Simplify[Eigenvalues[jac]]

Output =

{(-500000 - 100 d12 - 100 d21 - 
 
                                                   2
     Sqrt[-200000000 d21 + 10000 (5000 + d12 + d21) ]) / 100000000, 
 
  (-500000 - 100 d12 - 100 d21 + 
 
                                                   2
     Sqrt[-200000000 d21 + 10000 (5000 + d12 + d21) ]) / 100000000}

- which always have negative real part. So, the equilibrium solutions are stable (attracting.)

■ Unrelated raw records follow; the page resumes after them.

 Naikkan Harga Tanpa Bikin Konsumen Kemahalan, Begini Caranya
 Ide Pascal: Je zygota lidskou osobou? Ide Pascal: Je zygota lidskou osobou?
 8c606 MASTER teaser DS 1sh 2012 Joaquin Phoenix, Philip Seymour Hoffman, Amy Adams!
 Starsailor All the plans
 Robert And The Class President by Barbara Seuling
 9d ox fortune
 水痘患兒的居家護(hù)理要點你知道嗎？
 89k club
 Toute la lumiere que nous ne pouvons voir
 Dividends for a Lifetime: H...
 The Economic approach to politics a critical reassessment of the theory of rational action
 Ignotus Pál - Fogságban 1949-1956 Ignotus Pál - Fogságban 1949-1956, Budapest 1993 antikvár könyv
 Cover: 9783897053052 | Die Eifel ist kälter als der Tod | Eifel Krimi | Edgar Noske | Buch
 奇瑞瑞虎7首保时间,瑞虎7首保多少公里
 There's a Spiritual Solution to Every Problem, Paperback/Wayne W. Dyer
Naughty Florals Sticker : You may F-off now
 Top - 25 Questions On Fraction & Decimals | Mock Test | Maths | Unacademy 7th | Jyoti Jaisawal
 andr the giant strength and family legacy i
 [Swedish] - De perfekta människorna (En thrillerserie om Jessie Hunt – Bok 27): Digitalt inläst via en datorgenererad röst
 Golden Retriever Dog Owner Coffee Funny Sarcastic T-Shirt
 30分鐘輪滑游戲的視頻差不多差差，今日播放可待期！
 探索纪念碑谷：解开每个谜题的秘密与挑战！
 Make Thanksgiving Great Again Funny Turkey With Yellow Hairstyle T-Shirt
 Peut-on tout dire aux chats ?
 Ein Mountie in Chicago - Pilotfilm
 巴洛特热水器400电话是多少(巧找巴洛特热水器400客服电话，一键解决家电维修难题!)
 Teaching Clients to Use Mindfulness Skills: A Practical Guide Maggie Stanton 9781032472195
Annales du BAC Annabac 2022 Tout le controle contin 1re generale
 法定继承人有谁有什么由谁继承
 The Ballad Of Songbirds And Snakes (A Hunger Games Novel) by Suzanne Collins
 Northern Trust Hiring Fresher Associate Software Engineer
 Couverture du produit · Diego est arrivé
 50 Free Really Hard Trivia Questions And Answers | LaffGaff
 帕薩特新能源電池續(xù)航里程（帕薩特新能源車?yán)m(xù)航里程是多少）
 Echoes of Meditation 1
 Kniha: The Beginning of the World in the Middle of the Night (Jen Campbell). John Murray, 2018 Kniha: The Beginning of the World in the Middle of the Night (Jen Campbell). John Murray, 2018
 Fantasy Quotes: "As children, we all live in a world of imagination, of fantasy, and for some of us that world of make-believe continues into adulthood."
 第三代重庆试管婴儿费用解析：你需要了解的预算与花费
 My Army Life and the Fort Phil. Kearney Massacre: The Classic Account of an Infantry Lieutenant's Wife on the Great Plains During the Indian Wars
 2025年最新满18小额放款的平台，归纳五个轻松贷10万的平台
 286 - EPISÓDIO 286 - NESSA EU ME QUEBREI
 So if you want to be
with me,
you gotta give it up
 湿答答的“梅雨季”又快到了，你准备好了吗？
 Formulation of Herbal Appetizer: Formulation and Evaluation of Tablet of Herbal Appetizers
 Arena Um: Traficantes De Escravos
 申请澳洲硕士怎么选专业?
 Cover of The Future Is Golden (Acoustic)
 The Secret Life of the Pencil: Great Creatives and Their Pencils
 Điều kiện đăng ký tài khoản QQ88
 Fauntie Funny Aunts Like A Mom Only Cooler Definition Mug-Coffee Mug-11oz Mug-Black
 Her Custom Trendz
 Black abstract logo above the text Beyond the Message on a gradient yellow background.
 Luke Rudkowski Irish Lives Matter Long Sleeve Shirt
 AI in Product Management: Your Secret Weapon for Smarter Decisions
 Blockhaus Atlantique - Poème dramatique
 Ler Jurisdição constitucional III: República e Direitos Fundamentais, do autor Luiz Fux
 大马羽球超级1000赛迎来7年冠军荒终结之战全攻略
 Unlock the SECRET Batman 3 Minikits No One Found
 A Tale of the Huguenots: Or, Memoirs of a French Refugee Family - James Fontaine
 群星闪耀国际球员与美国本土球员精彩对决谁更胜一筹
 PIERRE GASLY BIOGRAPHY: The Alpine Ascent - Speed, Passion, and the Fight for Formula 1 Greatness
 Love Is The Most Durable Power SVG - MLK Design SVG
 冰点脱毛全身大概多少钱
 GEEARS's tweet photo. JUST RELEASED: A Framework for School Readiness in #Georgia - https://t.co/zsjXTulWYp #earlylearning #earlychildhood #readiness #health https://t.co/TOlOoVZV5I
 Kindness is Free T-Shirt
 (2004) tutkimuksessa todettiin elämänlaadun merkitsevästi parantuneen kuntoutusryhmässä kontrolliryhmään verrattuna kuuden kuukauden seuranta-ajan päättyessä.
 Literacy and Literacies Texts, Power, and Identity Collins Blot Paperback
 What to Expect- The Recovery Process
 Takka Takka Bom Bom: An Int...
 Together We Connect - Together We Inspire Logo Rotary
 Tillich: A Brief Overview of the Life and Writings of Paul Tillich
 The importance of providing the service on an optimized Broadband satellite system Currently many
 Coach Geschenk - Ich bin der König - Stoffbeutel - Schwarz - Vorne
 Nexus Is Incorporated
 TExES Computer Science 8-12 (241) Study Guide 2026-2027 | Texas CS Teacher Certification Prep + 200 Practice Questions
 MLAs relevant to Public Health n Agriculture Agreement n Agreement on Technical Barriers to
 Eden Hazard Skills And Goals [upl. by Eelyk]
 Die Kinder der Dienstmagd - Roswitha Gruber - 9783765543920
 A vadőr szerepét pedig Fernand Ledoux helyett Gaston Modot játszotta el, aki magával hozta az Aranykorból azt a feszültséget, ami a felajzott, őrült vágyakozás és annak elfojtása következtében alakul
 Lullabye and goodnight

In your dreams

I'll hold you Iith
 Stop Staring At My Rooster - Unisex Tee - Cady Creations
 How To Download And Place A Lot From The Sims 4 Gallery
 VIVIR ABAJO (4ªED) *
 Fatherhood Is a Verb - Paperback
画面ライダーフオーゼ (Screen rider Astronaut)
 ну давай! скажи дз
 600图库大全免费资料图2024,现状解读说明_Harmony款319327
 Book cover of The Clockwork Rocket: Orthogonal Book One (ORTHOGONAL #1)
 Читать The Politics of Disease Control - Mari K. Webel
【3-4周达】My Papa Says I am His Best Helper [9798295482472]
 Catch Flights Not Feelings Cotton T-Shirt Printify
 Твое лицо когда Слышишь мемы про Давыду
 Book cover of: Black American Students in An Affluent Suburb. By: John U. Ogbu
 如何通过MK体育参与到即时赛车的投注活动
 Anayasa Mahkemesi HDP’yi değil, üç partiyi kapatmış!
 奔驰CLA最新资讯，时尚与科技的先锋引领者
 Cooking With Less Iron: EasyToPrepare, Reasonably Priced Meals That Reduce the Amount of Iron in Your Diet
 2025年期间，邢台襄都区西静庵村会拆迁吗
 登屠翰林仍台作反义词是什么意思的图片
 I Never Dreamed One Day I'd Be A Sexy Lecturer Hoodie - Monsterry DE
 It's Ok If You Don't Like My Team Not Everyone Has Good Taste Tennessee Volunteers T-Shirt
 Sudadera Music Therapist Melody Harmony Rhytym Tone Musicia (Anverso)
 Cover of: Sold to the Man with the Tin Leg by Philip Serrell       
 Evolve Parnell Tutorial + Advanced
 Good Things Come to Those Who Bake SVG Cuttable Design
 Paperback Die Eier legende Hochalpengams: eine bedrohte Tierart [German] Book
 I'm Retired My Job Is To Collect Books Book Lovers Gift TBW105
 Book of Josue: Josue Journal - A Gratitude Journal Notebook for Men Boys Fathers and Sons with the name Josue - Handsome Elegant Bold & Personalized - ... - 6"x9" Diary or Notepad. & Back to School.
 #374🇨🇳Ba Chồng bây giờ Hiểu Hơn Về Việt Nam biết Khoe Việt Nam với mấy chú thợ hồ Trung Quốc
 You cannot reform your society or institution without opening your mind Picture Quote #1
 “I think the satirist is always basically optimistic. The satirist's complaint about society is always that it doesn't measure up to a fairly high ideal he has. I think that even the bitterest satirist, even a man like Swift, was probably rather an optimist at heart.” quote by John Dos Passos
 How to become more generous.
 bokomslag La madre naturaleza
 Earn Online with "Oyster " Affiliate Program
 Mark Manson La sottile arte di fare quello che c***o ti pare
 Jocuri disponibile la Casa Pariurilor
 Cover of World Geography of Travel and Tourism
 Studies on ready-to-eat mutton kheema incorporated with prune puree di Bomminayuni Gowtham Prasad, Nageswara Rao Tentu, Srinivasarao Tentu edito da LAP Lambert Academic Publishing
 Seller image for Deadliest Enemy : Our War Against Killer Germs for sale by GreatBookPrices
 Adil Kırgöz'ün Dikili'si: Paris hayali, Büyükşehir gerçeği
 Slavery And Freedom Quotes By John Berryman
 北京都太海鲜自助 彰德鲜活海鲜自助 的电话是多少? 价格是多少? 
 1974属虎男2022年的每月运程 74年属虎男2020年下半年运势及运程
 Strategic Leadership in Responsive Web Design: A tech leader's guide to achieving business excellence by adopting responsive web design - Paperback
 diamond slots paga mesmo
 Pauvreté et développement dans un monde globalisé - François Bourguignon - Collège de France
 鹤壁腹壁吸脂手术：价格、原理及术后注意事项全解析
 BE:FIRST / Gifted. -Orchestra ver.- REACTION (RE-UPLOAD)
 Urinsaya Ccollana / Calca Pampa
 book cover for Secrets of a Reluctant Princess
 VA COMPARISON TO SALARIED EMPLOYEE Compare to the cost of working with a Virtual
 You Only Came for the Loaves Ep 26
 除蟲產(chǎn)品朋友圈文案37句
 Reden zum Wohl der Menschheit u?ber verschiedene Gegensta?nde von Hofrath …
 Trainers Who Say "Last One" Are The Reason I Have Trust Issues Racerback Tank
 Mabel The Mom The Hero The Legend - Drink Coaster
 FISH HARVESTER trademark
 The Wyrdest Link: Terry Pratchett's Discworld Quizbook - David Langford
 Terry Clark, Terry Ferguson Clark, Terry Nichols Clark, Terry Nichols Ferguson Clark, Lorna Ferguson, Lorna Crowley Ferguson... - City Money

- Initial Conditions and Corresponding Solutions

If we assume that the lake is initially clean, we have the following initial conditions: 

Input := 

ic1 = p1[0] == 0;
ic2 = p2[0] == 0;

Here's the general solutions:
sol1 and sol2 (in terms of the unspecified parameters d12, d21, and V.) 

Input := 

ans = Flatten[DSolve[{e1, e2, ic1, ic2}, {p1[t], p2[t]}, t]];

Input := 

sol1 = p1[t] /. ans[[1]];
sol2 = p2[t] /. ans[[2]];

- Here are some sample graphs of solutions and comments on the results...

Here we show that when d12 = d21 is small, p1(t) and p2(t) are quite different and p1(t) > p2(t) (which makes sense since most particulate matter remains near the surface where it came into the lake water), while as d12 = d21 -> infinity, mixing becomes instantaneous throughout the lake and p1(t) and p2(t) coalesce. The animation further demonstrates that p2(t) increases from nearly zero (the initial weight of pollutants) as the diffusivity increases, while p1(t) decreases with increasing diffusivity since more of the pollutants are able to cross to the other layer.

(In the animation, the parameter d12 = d21 increases exponentially. The thicker curve is p1(t).) 

Input := 

Do[Plot[{sol1 /. {d12 -> N[Exp[i]], d21 -> N[Exp[i]]},
      sol2 /. {d12 -> N[Exp[i]], d21 -> N[Exp[i]]}},
 {t, 0, 100},
 PlotStyle -> {AbsoluteThickness[2],
               AbsoluteThickness[1]},
 AxesLabel -> {"minutes", "pollutant weight"},
 PlotRange -> {{0, 100}, {0, 350000}}],
    {i, 5, 13}]

- Here, we consider the affects of changing the ratio of the diffusivities. This is done by letting alpha = d12/d21 and then fixing -- say d21 = 1 while varying d12 both above and below 1000.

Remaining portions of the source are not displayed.